The planets in the solar systems have orbits with pretty low eccentricities (see this for more eccentricity values). At the upper end is Mercury, with an eccentricity of 0.2056. At the lower end is Venus, at 0.00677. Earth is in between but moderately low, at 0.0167. The distance between perihelion and aphelion is 5 million kilometers - in an orbit with an average radius of about 150 million kilometers. Note, though, that eccentricities are always changing.
We would certainly have "seasons" if there was no axial tilt, but they most likely would not be dramatic. As Wikipedia says
Because of the increased distance at aphelion, only 93.55% of the solar radiation from the Sun falls on a given area of land as does at perihelion.
But on this page, it says
Orbital eccentricity can influence temperatures, but on Earth, this effect is small and is more than counteracted by other factors; research shows that the Earth as a whole is actually slightly warmer when farther from the sun. This is because the northern hemisphere has more land than the southern, and land warms more readily than sea.
So more land means that the planet can absorb heat better, which counteracts the change in distance.

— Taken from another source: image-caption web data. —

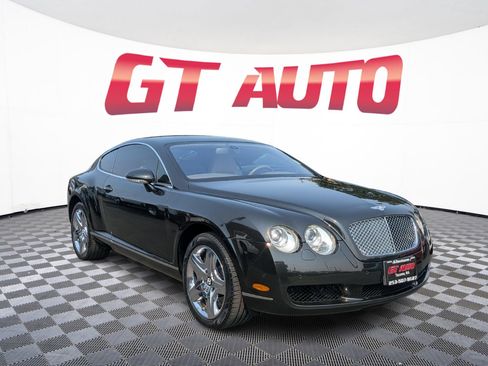 Used 2006 Bentley Continental GT AWD/4WD image 1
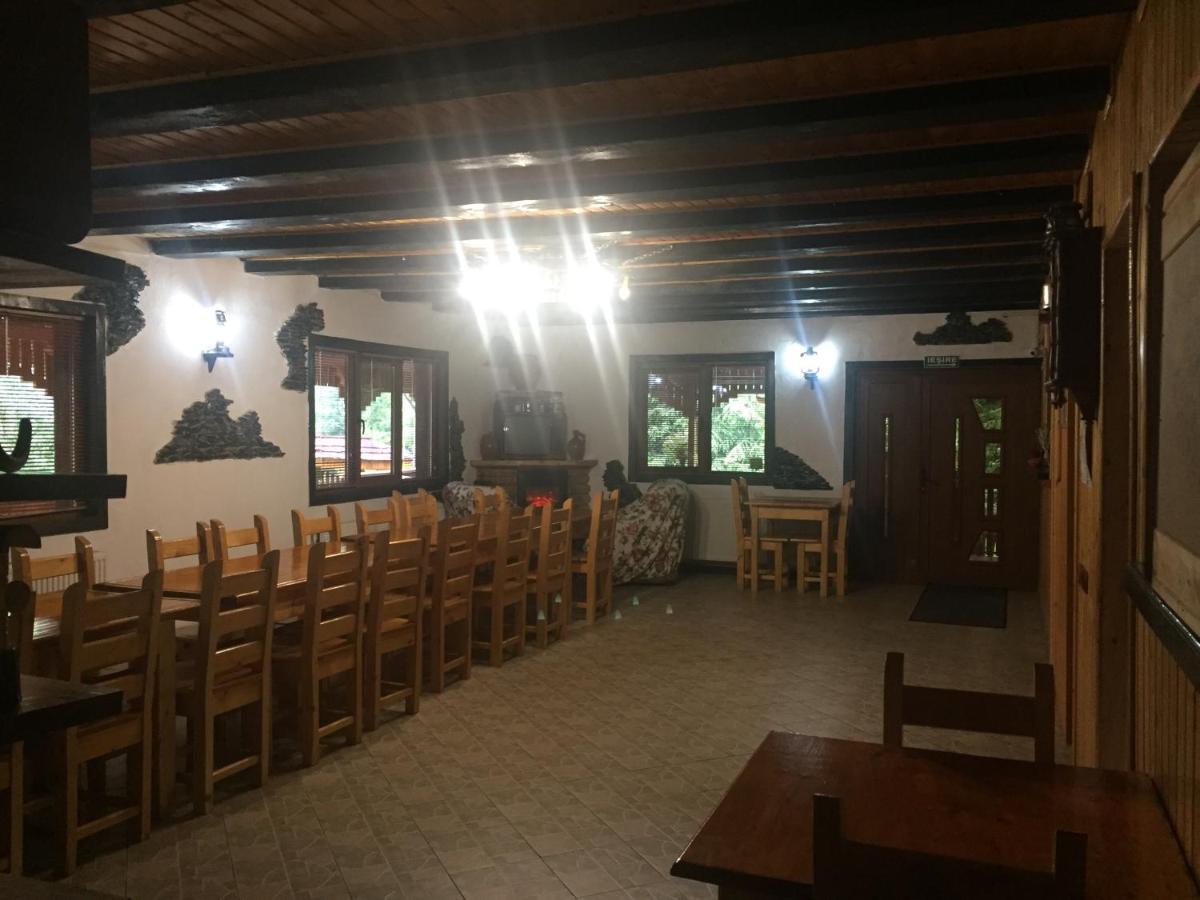 Cabana Ancutei Рукар Екстер'єр фото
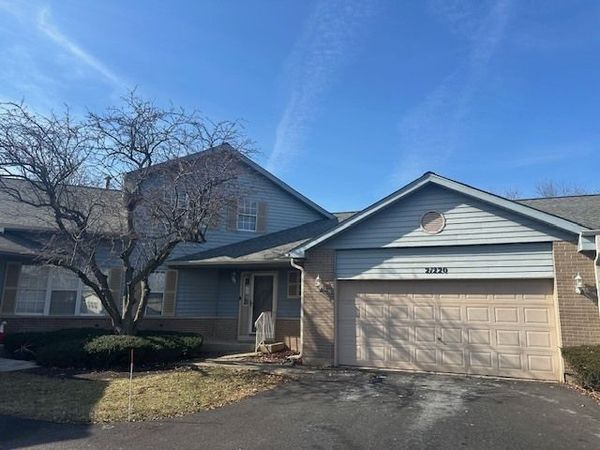 21220 Silktree Circle , Unit 21220, Plainfield, IL 60544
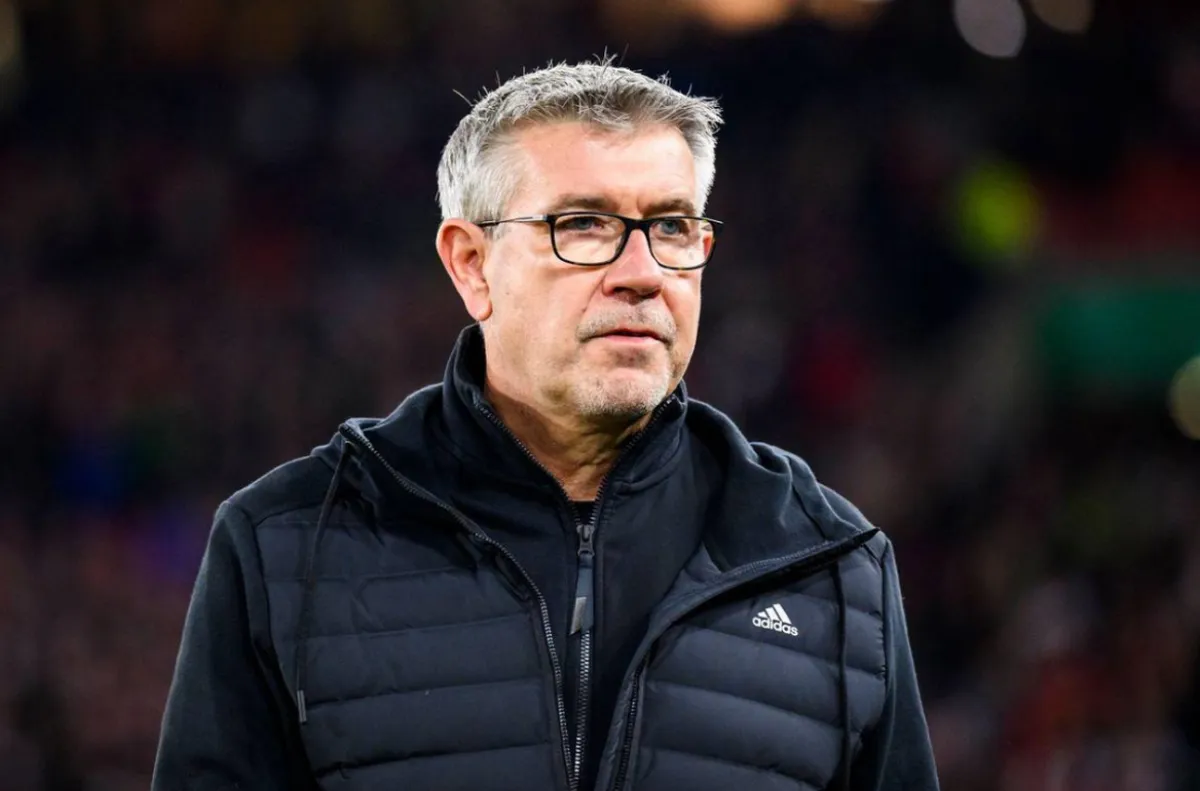 Скандинавският специалист за последно води Унион Берлин Урс Фишер е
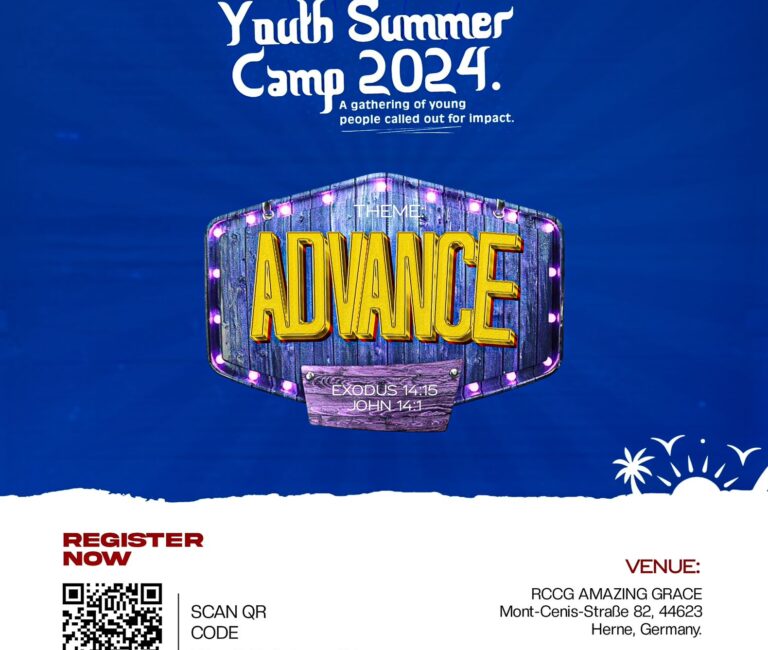 EM Region 4 – Summer Camp – Advance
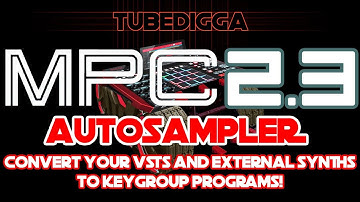 MPC Autosampler Tutorial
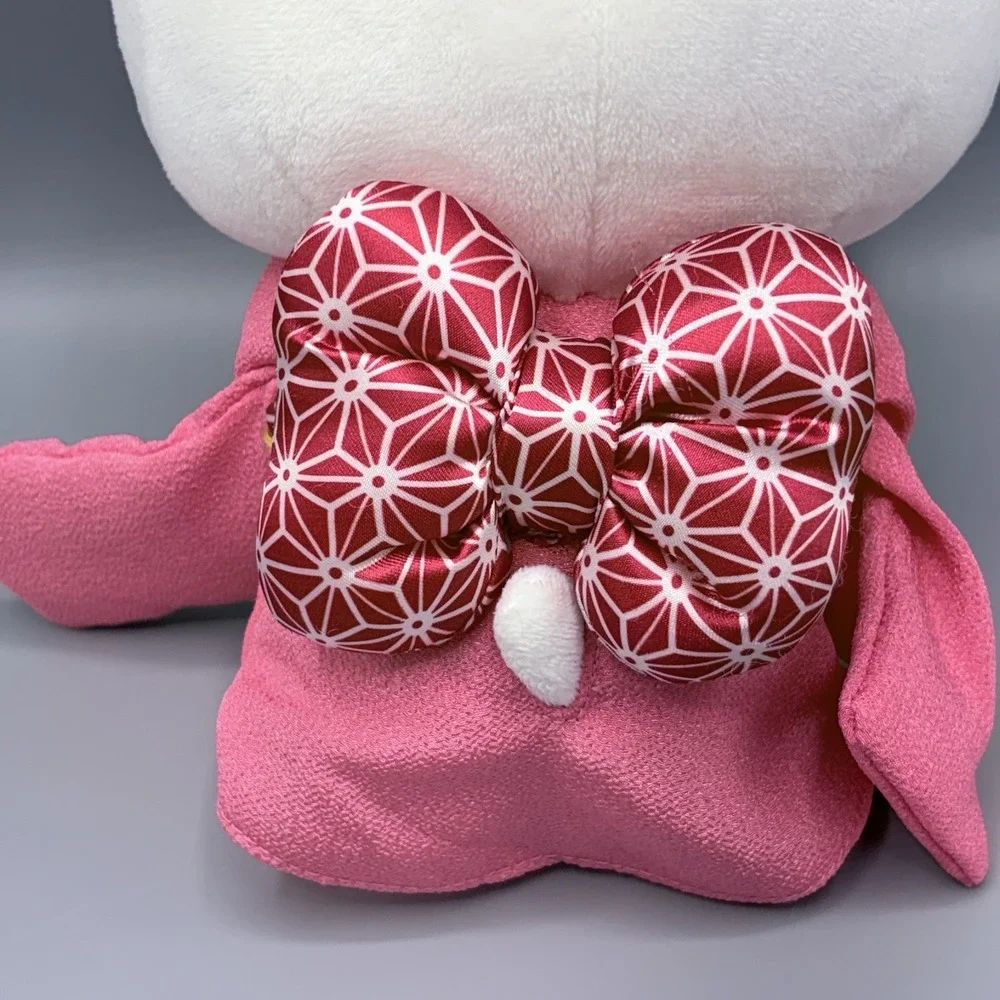 Sanrio Hello Kitty Nakajima Plush Toy 10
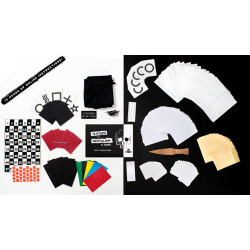 13 Steps To Mentalism Special Edition Set by Corinda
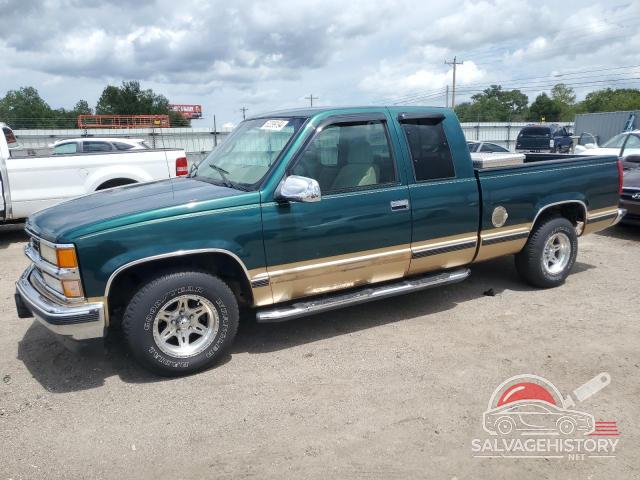 2GCEC19M2V1166945 1997 CHEVROLET GMT photo no. 6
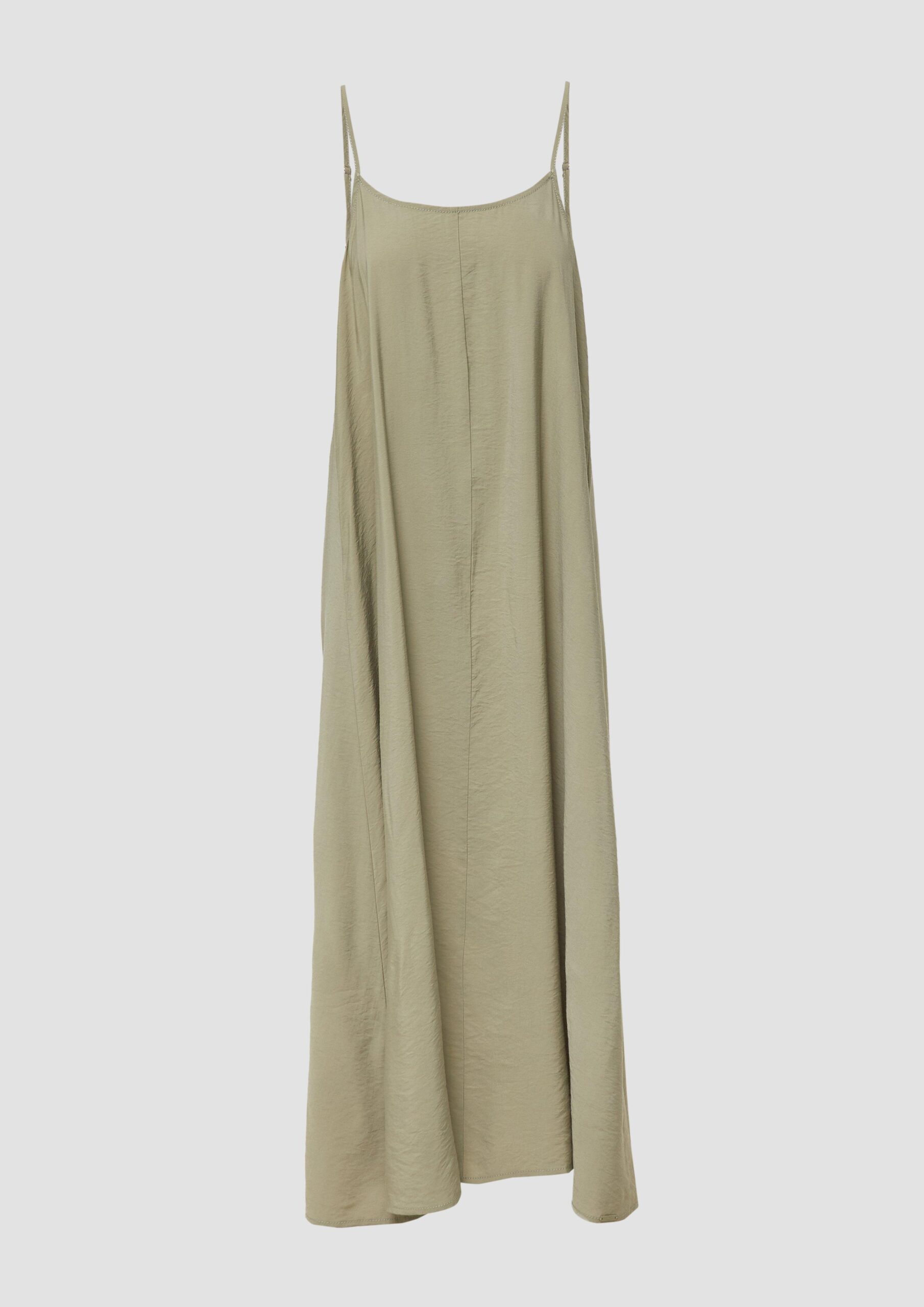 Maxikleid aus Viskosemix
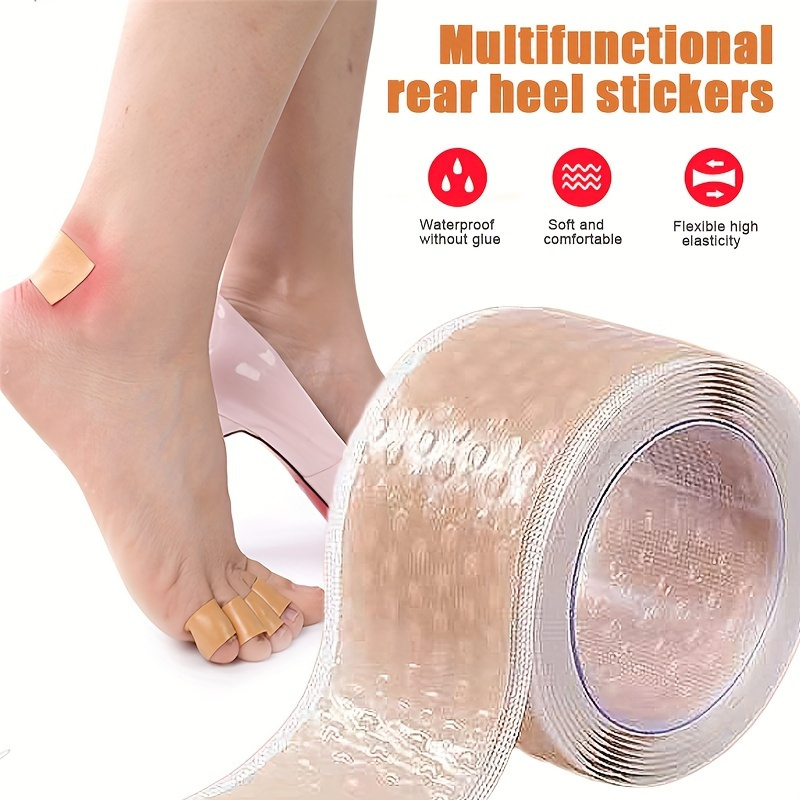 1 Roll Gel Heel Protector Foot - đánh giá và giá Heel Liner Grip
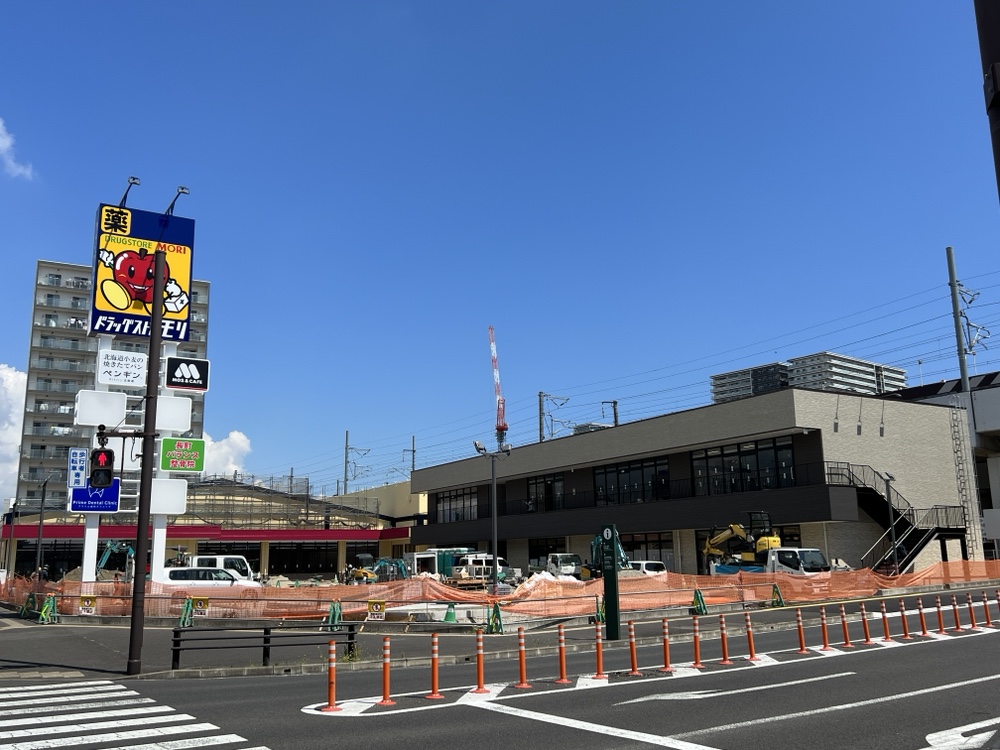 【仙台市太白区】長町駅の近くに新たな商業施設がオープン予定! 仙台南つうしん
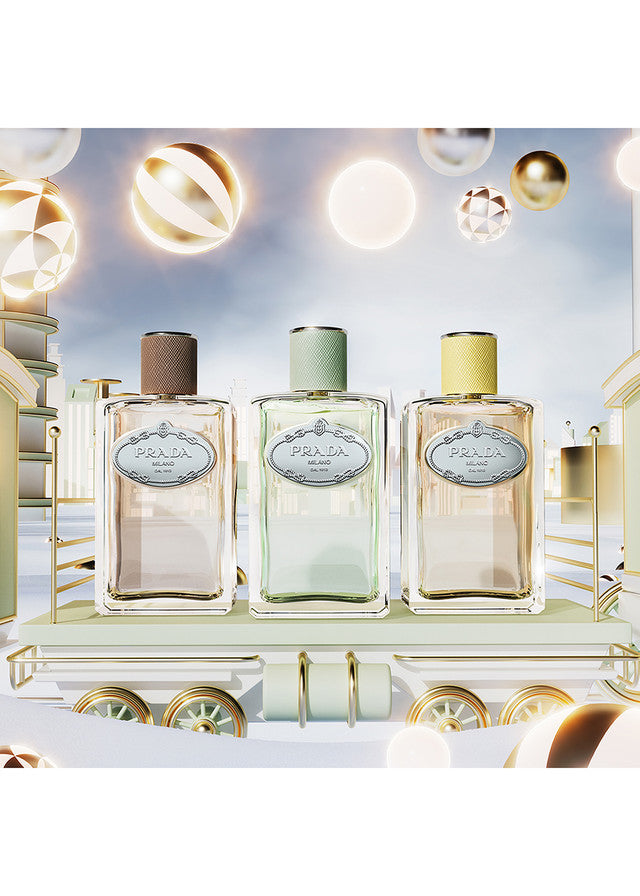 Set regalo Prada Les Infusions de Prada - Iris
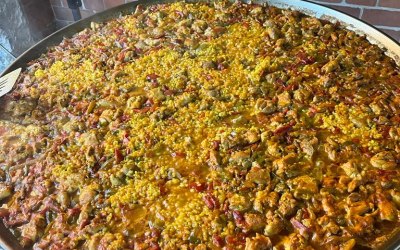 Giant Paella 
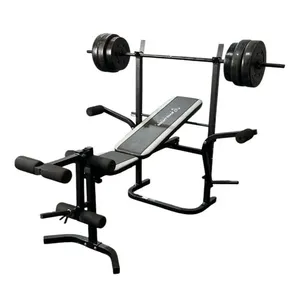 Estação De Musculação Residencial Evolution Fitness Ft 8500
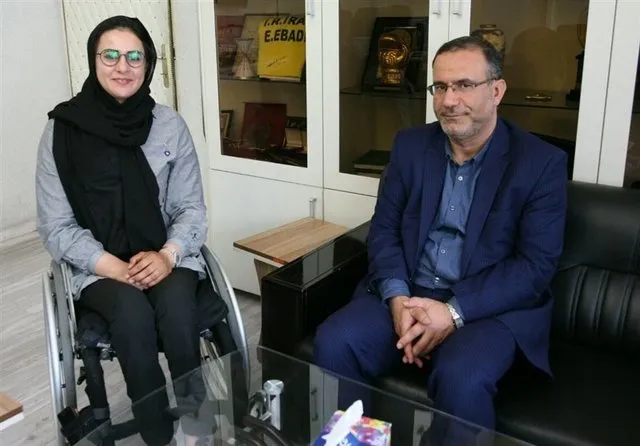 شعبانی بهار با امتناع از پاسخگویی: من که نباید صحبت کنم!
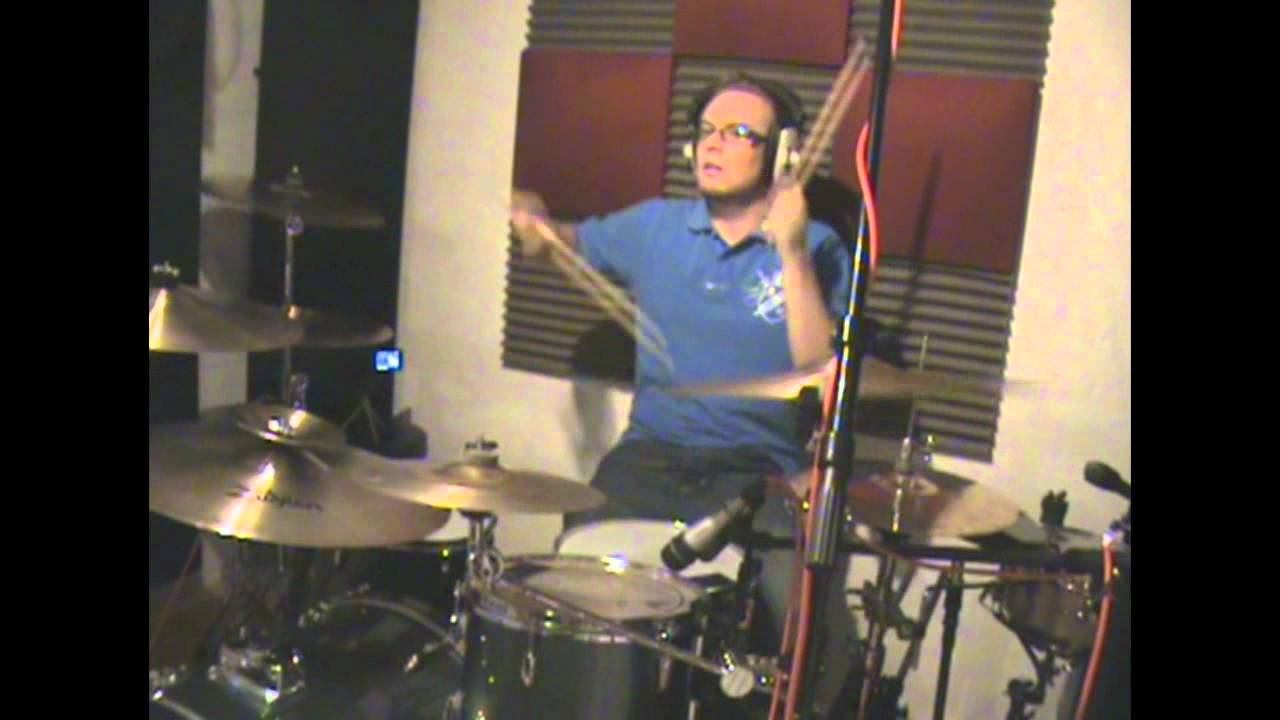 Jarv Drums - 'Wild Wild West' by Will Smith - Drum cover смотреть онлайн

But I think that's pretty boring. Don't you? So let's calculate how eccentric Earth's orbit would have to be for it to have seasons without axial tilt. From the chart here we can see that the highest average hemispherical temperature is 22 degrees Celsius, while the lowest is 8 degrees Celsius.

What about other planets?
There's a steady downward trend as we get further away from the Sun (Venus is an exception because of its runaway greenhouse effect). For Earth, the average surface temperature is 287 K (15 degrees C). So our maximum would be 295 K and our minimum would be about 281 K (Kelvin = Celsius + 273). Compare that to the other planets.
I made a graph, which unfortunately I cannot paste here, that shows that to have a surface temperature of 295 K, the planet would have to be - well, not much closer than we are. Relatively, that is. Roughly 0.975 AU from the star. To have a surface temperature of 281 K, it would have to be at 1.05 AU from the star. This neglects, by the way, the different levels of land/sea absorption.
So, actually, if the Earth's orbit had an eccentricity of about 0.35, it could have some moderate seasons.
I hope this helps.
Note: I used this eccentricity calculator for the sake of accuracy and time. I would still be obliged if anyone could check my overall calculations for this answer.